When I became a Christian, I joined an InterVarsity Bible-study group and then a church “family” group. This set a pattern so repeated in my Christian life that now my identity as a Christian is linked to being a member of a small group. I suspect many readers share my experience.

And yet, according to Princeton sociologist Robert Wuthnow, what I experienced as normal turns out to be not only new but revolutionary. In an excerpt from his new book (see “How Small Groups Are Transforming Our Lives,” p. 20), Wuthnow provides insights on how the small-group movement is changing our churches. We think this is the freshest work done on small groups in several years. While Wuthnow covers broad cultural trends, we were curious how small groups were affecting the evangelical world. Journalist Warren Bird, a 20-year veteran of small groups, talked to two-dozen church leaders and discovered a cautious enthusiasm for the movement (see “The Great Small-Group Takeover,” p. 25).

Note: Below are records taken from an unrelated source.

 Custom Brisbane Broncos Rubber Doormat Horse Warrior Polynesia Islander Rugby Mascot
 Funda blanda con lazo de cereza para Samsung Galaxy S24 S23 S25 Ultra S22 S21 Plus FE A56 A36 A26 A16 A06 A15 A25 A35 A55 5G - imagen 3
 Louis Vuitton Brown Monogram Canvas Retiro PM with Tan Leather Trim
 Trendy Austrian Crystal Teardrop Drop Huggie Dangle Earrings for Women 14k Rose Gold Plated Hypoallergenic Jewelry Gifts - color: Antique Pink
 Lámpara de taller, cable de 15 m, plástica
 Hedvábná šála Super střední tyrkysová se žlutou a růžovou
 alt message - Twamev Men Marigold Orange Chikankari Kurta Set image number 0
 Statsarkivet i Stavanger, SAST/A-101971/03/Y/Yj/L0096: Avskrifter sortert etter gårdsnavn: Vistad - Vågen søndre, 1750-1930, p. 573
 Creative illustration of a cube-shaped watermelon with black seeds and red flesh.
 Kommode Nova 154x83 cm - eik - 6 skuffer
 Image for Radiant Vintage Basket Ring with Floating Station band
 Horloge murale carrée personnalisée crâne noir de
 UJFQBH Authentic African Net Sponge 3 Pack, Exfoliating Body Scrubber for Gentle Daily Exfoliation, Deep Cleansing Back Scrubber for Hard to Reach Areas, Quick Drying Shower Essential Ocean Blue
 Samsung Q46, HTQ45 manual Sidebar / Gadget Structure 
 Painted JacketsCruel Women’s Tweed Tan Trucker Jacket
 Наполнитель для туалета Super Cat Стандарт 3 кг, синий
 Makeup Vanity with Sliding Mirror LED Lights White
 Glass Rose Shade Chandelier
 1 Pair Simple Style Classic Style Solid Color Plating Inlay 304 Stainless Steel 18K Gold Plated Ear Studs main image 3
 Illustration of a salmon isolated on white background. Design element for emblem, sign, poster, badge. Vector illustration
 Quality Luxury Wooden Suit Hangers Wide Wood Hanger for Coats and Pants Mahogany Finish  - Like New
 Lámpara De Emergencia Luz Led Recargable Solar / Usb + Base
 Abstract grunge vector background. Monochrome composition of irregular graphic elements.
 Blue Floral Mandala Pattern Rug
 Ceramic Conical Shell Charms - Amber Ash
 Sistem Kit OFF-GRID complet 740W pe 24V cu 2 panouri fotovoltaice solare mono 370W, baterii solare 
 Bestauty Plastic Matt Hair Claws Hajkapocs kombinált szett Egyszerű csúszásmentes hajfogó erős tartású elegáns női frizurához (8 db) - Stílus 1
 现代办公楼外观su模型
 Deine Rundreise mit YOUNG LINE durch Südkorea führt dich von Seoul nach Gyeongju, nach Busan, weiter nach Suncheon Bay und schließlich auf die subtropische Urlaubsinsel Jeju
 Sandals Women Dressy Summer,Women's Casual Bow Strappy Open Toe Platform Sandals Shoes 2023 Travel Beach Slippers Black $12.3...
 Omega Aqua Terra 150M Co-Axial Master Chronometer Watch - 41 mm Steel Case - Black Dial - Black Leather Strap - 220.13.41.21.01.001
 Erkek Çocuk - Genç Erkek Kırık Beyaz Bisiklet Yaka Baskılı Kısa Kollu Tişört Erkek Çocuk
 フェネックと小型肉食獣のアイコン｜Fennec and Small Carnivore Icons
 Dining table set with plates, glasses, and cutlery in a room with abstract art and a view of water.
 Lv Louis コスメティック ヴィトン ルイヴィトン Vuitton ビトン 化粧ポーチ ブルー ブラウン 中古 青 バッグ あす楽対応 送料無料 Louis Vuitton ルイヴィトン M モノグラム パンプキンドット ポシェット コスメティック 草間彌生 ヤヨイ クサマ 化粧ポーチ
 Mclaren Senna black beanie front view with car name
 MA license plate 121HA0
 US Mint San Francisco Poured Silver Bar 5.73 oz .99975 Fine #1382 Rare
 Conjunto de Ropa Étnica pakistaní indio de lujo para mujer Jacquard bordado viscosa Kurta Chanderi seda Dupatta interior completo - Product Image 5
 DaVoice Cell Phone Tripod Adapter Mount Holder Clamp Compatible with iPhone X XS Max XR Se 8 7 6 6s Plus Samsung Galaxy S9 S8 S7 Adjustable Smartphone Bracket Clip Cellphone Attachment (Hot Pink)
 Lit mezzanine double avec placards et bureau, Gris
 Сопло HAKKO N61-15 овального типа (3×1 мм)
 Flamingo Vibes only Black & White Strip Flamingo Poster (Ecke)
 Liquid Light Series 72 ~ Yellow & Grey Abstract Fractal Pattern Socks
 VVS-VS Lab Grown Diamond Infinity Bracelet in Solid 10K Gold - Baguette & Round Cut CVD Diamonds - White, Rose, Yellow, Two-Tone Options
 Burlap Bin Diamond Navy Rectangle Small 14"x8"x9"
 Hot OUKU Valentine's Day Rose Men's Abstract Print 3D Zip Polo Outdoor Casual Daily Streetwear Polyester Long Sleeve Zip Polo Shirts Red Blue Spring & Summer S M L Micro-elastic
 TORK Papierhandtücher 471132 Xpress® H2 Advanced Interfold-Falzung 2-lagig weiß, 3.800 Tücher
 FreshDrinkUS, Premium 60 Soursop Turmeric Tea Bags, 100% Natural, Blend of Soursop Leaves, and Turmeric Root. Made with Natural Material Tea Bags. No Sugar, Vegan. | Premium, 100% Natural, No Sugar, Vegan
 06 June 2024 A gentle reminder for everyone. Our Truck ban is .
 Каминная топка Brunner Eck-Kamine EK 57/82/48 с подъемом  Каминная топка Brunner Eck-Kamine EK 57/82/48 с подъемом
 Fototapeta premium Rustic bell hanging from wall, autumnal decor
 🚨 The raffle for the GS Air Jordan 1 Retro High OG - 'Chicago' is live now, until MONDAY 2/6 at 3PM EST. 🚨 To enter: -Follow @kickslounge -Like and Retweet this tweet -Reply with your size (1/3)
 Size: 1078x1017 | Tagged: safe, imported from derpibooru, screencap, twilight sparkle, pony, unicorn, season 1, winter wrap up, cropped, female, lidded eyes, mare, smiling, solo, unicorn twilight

Finally, we faced our design challenge: how to present people sitting together talking in a visually stimulating way. With the help of Fuller Seminary’s William Pannell, we discovered a church that had an interracial focus to its small-group program: Hope New Life Church (RCA) in Artesia, California. During the pre-Christmas rush, our flu-ridden photographer, Bill Youngblood, gathered a handful of the group’s 18 members for a shoot in the church’s basement. We are proud to showcase their exciting ministry. We felt the topic could also use a light touch, and so we called in Warren Bird’s high-school classmate, Robert Suggs. We hope his cartoons won’t be your favorite part of our package—but they might be.